Treatment of manifestations: Developmental and educational services; standard epilepsy treatment with anti-seizure medications by an experienced neurologist; physical medicine and rehabilitation, physical therapy, and occupational therapy to include stretching to help avoid contractures and falls; feeding therapy with gastrostomy tube placement as needed; standard treatments for constipation and strabismus; social work support and care coordination as needed.

Surveillance: At each visit, assess developmental progress, educational needs, mobility and self-help skills, growth, nutrition, and family needs, as well as for new seizures or changes in seizures, scoliosis, and constipation; behavioral assessment for autistic features, anxiety, attention-deficit/hyperactivity disorder, and aggressive or self-injurious behaviors as needed.

Genetic counseling.

GNAI1-NDD is an autosomal dominant disorder typically caused by a de novo pathogenic variant. If the GNAI1 pathogenic variant identified in the proband is not identified in either parent, the recurrence risk to sibs is estimated to be 1%-8% because of the possibility of parental germline mosaicism. Once the GNAI1 pathogenic variant has been identified in an affected family member, prenatal and preimplantation genetic testing are possible.

Suggestive Findings

GNAI1-related neurodevelopmental disorder (GNAI1-NDD) should be considered in probands with the following clinical and brain MRI findings and family history.

Clinical findings

• Mild-to-profound developmental delay
• Hypotonia
• Mild-to-profound intellectual disability
• Neurobehavioral/psychiatric manifestations (autism spectrum disorder, temper tantrums, anxiety, agitation, aggression, and attention-deficit/hyperactivity disorder)
• Epilepsy (absence, generalized tonic-clonic, focal-onset impaired awareness)

Brain MRI findings

• Atrophy (global)
• Delayed myelination
• Choroid plexus cysts

Family history. Because GNAI1-NDD is typically caused by a de novo pathogenic variant, most probands represent a simplex case (i.e., a single occurrence in a family).

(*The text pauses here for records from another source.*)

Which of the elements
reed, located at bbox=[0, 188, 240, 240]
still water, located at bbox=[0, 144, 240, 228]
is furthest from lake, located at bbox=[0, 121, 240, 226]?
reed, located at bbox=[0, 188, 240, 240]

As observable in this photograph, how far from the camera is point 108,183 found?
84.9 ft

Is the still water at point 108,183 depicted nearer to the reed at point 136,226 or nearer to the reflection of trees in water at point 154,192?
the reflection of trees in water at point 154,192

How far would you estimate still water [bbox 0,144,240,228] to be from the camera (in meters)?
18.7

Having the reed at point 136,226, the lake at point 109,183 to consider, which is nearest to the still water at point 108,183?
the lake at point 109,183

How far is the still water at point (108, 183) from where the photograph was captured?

Establishing the Diagnosis

The diagnosis of GNAI1-NDD is established in a proband with suggestive findings and a heterozygous pathogenic (or likely pathogenic) variant in GNAI1 identified by molecular genetic testing (see Table 1).

Note: (1) Per ACMG/AMP variant interpretation guidelines, the terms "pathogenic variant" and "likely pathogenic variant" are synonymous in a clinical setting, meaning that both are considered diagnostic and can be used for clinical decision making [Richards et al 2015]. Reference to "pathogenic variants" in this GeneReview is understood to include likely pathogenic variants. (2) Identification of a heterozygous GNAI1 variant of uncertain significance does not establish or rule out the diagnosis.

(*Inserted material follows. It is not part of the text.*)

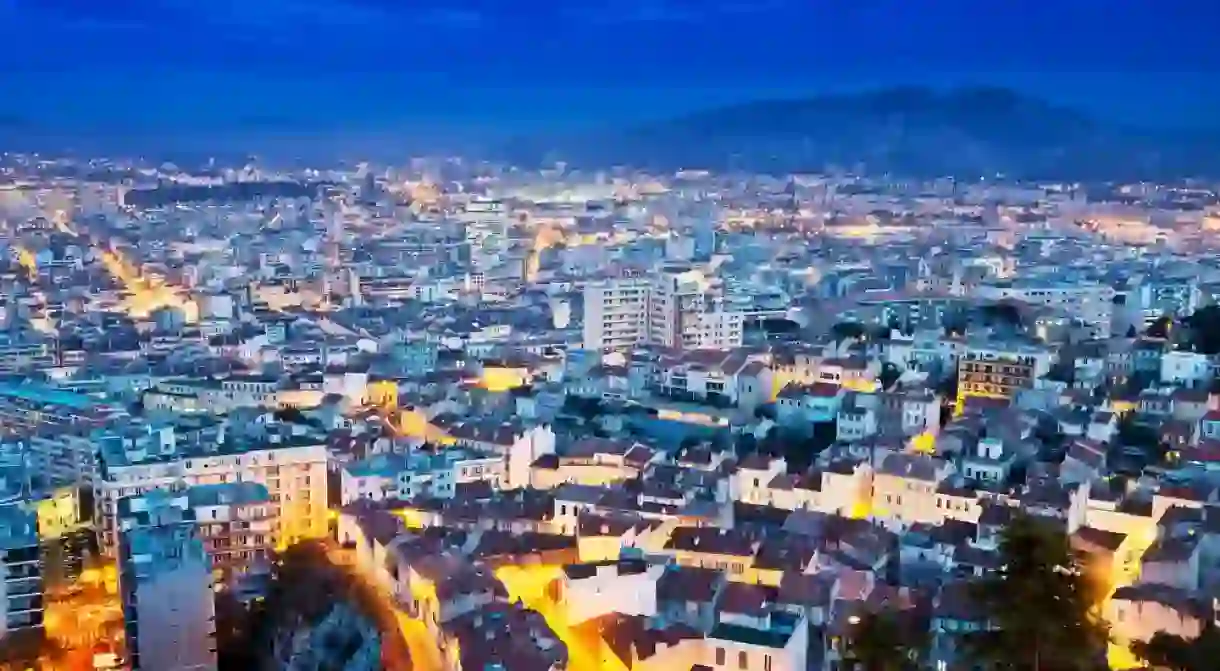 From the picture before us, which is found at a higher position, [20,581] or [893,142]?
[893,142]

Molecular genetic testing in a child with developmental delay or an older individual with intellectual disability may begin with exome sequencing. Other options include use of a multigene panel or genome. Note: Single-gene testing (sequence analysis of GNAI1) is rarely useful and typically NOT recommended. Chromosomal microarray analysis may not be a useful first-line test because, to date, no large pathogenic deletions/duplications have been identified in individuals with GNAI1-NDD.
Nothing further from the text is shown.